(Data extracted from a collection)
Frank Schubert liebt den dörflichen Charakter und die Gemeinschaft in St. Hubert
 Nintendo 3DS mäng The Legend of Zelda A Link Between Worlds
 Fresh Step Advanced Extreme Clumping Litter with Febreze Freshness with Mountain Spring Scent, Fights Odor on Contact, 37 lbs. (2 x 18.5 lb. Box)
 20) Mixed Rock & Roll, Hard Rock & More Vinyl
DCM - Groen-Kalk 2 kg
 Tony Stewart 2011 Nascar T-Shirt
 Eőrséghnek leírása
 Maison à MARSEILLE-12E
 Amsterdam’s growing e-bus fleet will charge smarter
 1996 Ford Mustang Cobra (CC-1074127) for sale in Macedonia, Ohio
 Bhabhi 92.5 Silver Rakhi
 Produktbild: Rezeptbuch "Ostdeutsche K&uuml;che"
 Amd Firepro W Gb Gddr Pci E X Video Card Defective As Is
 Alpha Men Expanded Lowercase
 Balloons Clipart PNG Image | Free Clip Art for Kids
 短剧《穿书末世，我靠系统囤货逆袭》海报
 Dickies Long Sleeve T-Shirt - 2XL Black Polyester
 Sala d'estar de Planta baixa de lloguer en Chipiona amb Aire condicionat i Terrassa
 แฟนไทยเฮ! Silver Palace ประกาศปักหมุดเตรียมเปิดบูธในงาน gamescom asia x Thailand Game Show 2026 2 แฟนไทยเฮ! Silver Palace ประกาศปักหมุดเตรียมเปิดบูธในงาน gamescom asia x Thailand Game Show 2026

» **Work required**: Above are the records; from them, give again exactly the lines from the one containing "Nintendo 3DS mäng" to the one containing "1996 Ford Mustang", both lines included, and nothing more.

» **Exercise response**:
 Nintendo 3DS mäng The Legend of Zelda A Link Between Worlds
 Fresh Step Advanced Extreme Clumping Litter with Febreze Freshness with Mountain Spring Scent, Fights Odor on Contact, 37 lbs. (2 x 18.5 lb. Box)
 20) Mixed Rock & Roll, Hard Rock & More Vinyl
DCM - Groen-Kalk 2 kg
 Tony Stewart 2011 Nascar T-Shirt
 Eőrséghnek leírása
 Maison à MARSEILLE-12E
 Amsterdam’s growing e-bus fleet will charge smarter
 1996 Ford Mustang Cobra (CC-1074127) for sale in Macedonia, Ohio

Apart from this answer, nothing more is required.